**Task objective:**
Return exactly the span that opens with the line containing "Šiitai Teherane (Iranas)" and closes with the final line of the records, both included.

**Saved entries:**
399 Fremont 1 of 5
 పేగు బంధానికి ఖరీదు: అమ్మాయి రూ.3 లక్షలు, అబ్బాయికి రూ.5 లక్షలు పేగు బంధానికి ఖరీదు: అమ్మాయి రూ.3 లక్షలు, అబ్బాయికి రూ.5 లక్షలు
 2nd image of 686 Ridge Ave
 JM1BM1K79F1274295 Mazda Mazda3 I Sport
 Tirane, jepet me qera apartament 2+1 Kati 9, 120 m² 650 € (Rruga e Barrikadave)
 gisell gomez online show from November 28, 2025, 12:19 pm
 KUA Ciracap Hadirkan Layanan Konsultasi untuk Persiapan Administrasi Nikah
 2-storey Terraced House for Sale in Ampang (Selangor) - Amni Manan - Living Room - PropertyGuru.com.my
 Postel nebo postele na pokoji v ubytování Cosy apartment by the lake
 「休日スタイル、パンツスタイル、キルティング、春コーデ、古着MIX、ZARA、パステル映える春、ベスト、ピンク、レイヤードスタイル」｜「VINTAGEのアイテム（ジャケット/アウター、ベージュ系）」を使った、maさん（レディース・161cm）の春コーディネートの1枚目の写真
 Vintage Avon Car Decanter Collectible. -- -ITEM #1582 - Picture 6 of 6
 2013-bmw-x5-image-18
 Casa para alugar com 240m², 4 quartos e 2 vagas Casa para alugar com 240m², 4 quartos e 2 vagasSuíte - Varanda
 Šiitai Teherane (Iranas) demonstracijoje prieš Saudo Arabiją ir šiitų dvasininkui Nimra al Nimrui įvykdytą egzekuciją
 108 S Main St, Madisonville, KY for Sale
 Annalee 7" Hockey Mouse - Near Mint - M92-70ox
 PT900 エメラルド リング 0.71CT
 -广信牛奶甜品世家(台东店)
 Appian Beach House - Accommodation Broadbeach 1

**Output for this exercise:**
 Šiitai Teherane (Iranas) demonstracijoje prieš Saudo Arabiją ir šiitų dvasininkui Nimra al Nimrui įvykdytą egzekuciją
 108 S Main St, Madisonville, KY for Sale
 Annalee 7" Hockey Mouse - Near Mint - M92-70ox
 PT900 エメラルド リング 0.71CT
 -广信牛奶甜品世家(台东店)
 Appian Beach House - Accommodation Broadbeach 1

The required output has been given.